Work task |
Could the data below be copied out in full, word for word?

Task inputs |
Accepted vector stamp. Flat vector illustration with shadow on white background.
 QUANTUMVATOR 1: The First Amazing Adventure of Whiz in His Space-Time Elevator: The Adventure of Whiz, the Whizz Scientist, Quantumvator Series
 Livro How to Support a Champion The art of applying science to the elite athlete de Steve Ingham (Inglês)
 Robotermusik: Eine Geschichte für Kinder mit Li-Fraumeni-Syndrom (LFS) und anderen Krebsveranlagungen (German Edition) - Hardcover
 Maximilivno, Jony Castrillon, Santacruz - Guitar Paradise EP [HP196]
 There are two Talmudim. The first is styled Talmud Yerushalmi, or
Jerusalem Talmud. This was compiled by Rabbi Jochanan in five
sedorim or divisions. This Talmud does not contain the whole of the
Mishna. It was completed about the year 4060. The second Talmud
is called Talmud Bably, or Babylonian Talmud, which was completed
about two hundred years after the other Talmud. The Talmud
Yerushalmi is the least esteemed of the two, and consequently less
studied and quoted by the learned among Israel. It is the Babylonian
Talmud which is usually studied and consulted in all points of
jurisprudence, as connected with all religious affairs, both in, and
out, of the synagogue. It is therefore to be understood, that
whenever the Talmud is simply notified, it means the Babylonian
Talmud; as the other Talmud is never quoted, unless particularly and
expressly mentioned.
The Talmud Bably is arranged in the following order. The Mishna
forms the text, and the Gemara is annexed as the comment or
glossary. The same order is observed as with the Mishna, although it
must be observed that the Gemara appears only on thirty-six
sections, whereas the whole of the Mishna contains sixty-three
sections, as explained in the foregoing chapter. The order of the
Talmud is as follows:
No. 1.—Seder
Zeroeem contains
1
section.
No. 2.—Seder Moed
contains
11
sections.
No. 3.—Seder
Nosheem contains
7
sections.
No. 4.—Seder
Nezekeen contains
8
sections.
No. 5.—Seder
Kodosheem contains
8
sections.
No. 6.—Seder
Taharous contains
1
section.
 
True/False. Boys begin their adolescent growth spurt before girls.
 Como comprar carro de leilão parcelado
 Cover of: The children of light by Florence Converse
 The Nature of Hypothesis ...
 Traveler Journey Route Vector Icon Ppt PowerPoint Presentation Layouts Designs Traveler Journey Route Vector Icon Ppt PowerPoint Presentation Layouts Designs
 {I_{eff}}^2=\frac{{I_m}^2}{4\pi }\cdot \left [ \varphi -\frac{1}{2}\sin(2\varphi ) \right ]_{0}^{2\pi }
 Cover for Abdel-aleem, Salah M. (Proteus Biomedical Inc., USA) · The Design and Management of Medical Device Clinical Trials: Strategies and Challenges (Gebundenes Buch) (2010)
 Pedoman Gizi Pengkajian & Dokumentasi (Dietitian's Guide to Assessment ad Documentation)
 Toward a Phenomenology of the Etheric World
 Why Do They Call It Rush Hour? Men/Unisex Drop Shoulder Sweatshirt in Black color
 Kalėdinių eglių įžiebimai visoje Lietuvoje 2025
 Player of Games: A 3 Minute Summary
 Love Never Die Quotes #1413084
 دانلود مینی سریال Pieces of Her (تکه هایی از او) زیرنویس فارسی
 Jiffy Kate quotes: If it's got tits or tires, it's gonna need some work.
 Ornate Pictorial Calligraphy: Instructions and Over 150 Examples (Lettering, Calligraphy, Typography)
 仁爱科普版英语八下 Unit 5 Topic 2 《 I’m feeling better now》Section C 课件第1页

Response below |
Accepted vector stamp. Flat vector illustration with shadow on white background.
 QUANTUMVATOR 1: The First Amazing Adventure of Whiz in His Space-Time Elevator: The Adventure of Whiz, the Whizz Scientist, Quantumvator Series
 Livro How to Support a Champion The art of applying science to the elite athlete de Steve Ingham (Inglês)
 Robotermusik: Eine Geschichte für Kinder mit Li-Fraumeni-Syndrom (LFS) und anderen Krebsveranlagungen (German Edition) - Hardcover
 Maximilivno, Jony Castrillon, Santacruz - Guitar Paradise EP [HP196]
 There are two Talmudim. The first is styled Talmud Yerushalmi, or
Jerusalem Talmud. This was compiled by Rabbi Jochanan in five
sedorim or divisions. This Talmud does not contain the whole of the
Mishna. It was completed about the year 4060. The second Talmud
is called Talmud Bably, or Babylonian Talmud, which was completed
about two hundred years after the other Talmud. The Talmud
Yerushalmi is the least esteemed of the two, and consequently less
studied and quoted by the learned among Israel. It is the Babylonian
Talmud which is usually studied and consulted in all points of
jurisprudence, as connected with all religious affairs, both in, and
out, of the synagogue. It is therefore to be understood, that
whenever the Talmud is simply notified, it means the Babylonian
Talmud; as the other Talmud is never quoted, unless particularly and
expressly mentioned.
The Talmud Bably is arranged in the following order. The Mishna
forms the text, and the Gemara is annexed as the comment or
glossary. The same order is observed as with the Mishna, although it
must be observed that the Gemara appears only on thirty-six
sections, whereas the whole of the Mishna contains sixty-three
sections, as explained in the foregoing chapter. The order of the
Talmud is as follows:
No. 1.—Seder
Zeroeem contains
1
section.
No. 2.—Seder Moed
contains
11
sections.
No. 3.—Seder
Nosheem contains
7
sections.
No. 4.—Seder
Nezekeen contains
8
sections.
No. 5.—Seder
Kodosheem contains
8
sections.
No. 6.—Seder
Taharous contains
1
section.
 
True/False. Boys begin their adolescent growth spurt before girls.
 Como comprar carro de leilão parcelado
 Cover of: The children of light by Florence Converse
 The Nature of Hypothesis ...
 Traveler Journey Route Vector Icon Ppt PowerPoint Presentation Layouts Designs Traveler Journey Route Vector Icon Ppt PowerPoint Presentation Layouts Designs
 {I_{eff}}^2=\frac{{I_m}^2}{4\pi }\cdot \left [ \varphi -\frac{1}{2}\sin(2\varphi ) \right ]_{0}^{2\pi }
 Cover for Abdel-aleem, Salah M. (Proteus Biomedical Inc., USA) · The Design and Management of Medical Device Clinical Trials: Strategies and Challenges (Gebundenes Buch) (2010)
 Pedoman Gizi Pengkajian & Dokumentasi (Dietitian's Guide to Assessment ad Documentation)
 Toward a Phenomenology of the Etheric World
 Why Do They Call It Rush Hour? Men/Unisex Drop Shoulder Sweatshirt in Black color
 Kalėdinių eglių įžiebimai visoje Lietuvoje 2025
 Player of Games: A 3 Minute Summary
 Love Never Die Quotes #1413084
 دانلود مینی سریال Pieces of Her (تکه هایی از او) زیرنویس فارسی
 Jiffy Kate quotes: If it's got tits or tires, it's gonna need some work.
 Ornate Pictorial Calligraphy: Instructions and Over 150 Examples (Lettering, Calligraphy, Typography)
 仁爱科普版英语八下 Unit 5 Topic 2 《 I’m feeling better now》Section C 课件第1页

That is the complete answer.